There is an adage of wisdom that is often passed from one generation to the next. It’s message encourages sincerity and truthfulness: honesty is the best policy. Among us of the bare practitioner community and culture, our compliance and dedication to our philosophy of nakedness enables us to use ourselves and our bodies to extol these truths!

Reign, the gentleman featured above, leaves no doubt as to his agreement with our campaign. Not only does he proudly exculpate his belief in nakedness; he also has it blatantly and boldly tattooed “unashamed” just above his pubic hairline! The proximity of this declaration to Reign’s genitalia affords us no freedom to question his intention! It empowers him to publicly proclaim his philosophy of his sexuality (exclusively SGL) and his nakedness!

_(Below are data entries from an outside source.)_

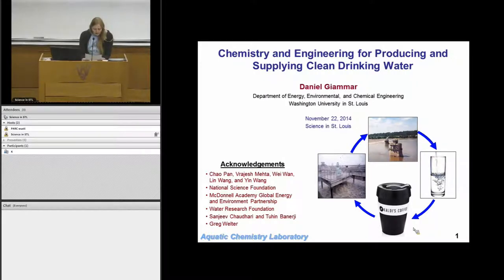Today we're going to hear from Dr. Daniel Giammar. He received his B.S. in Civil Engineering from Carnegie Mellon in 1996 and Master's and Ph.D. in Environmental Engineering from Caltech in 1998 and 2001, respectively. In 2002, WashU was lucky enough to get him as a professor in the Energy, Environmental, and Chemical Engineering Department, where his work is focused on investigating chemical reactions involving heavy metals, radionuclides, and other contaminants in aquatic systems. Today we're going to hear about his recent work on the chemistry and engineering for producing and supplying clean drinking water. Welcome our speaker.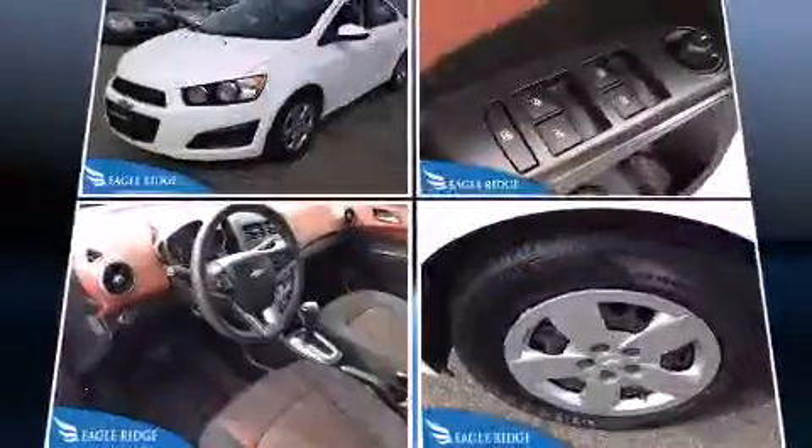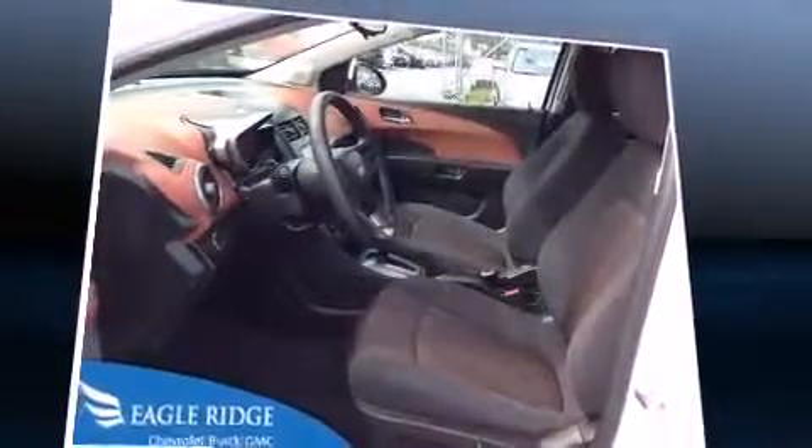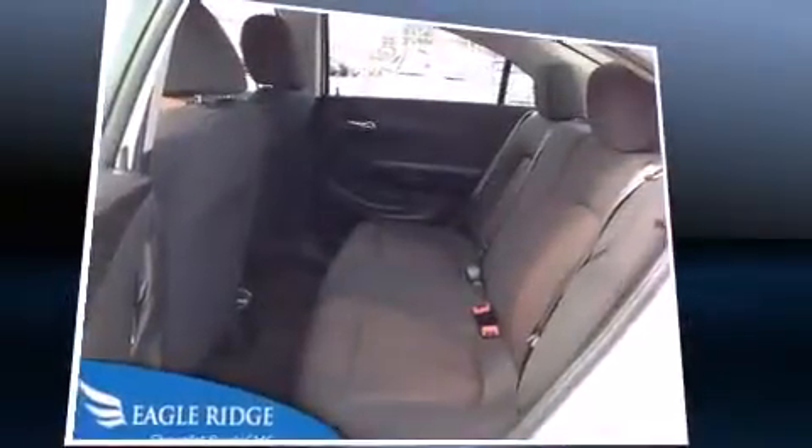Top features include air conditioning, one-touch window functionality, a tachometer, a trip computer, power door mirrors and heated door mirrors, and remote keyless entry.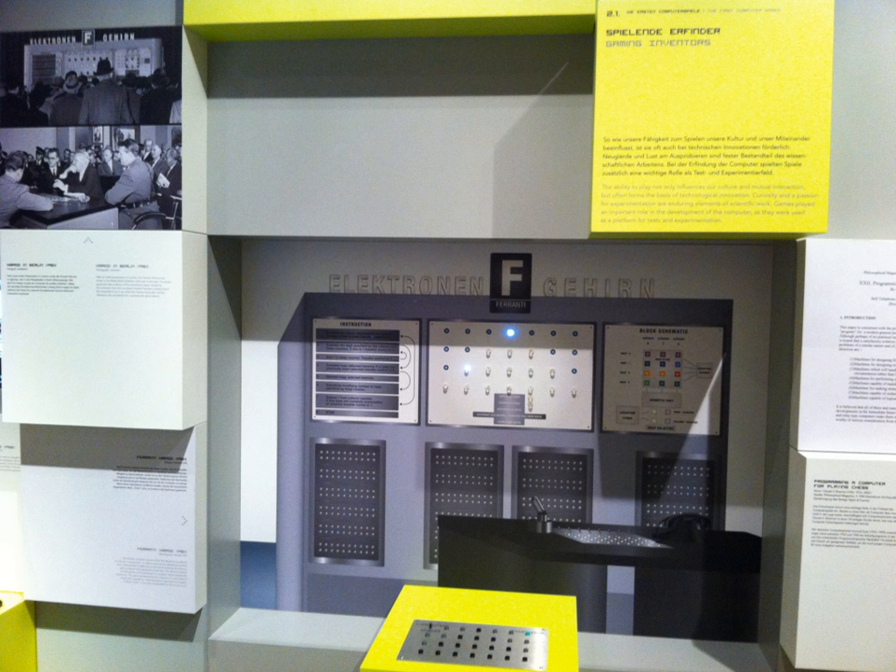The Nimrod took the form of a large box with panels of lights, with a raised stand in front of it with buttons corresponding with the lights, which in turn represented the objects the player could remove. The player would sit at the stand and press the buttons to make their moves, while one panel of lights showed the state of the game, and another showed the computer's calculations during its move. The computer could be set to make its calculations at various speeds, slowing down so that the demonstrator could describe exactly what the computer was doing in real time. A visual guide attached to the Nimrod explained what the computer was doing during its turn, as well as showing possible game states and how they would be represented by the lights.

Additional discussion is not necessary nor needed! His unabashed nature encourages us all towards self-acceptance, self-confidence and truth!

Reign enlisted in the U.S. Navy in 2009, when the DADT (don’t ask, don’t tell) policy regarding sexual orientation disclosure was in effect. My spouse, Aaron, and I have often wondered how he survived that policy on his personal sexuality given his bold nature!

Reign: a selfie of his body and exculpatory “unashamed” tattoo!

Caution Advisory:

This next section contains information that may offend some readers as it references sexual practices that involve anatomical intimacies between SGL men. Proceed with caution or simply overlook the section entirely.

Buttock tattoo close-up!

The two images portrayed here are of two tattoos adorning the buttocks of men who are both confident and proud of their pleasures received from allowing them to be penetrated by the erections of their SGL partners. The sexual position referenced here is labelled beta-man or bottom-man or otherwise known simply as bottom. The tattoo on the Black buttocks, “bad” refers to the slang word for “good” meaning pleasing and/or satisfying. “Ass” is the slang used when referring to the buttocks.

This beta-man/bottom-man needs his buttocks penetrated by another man’s erect penis!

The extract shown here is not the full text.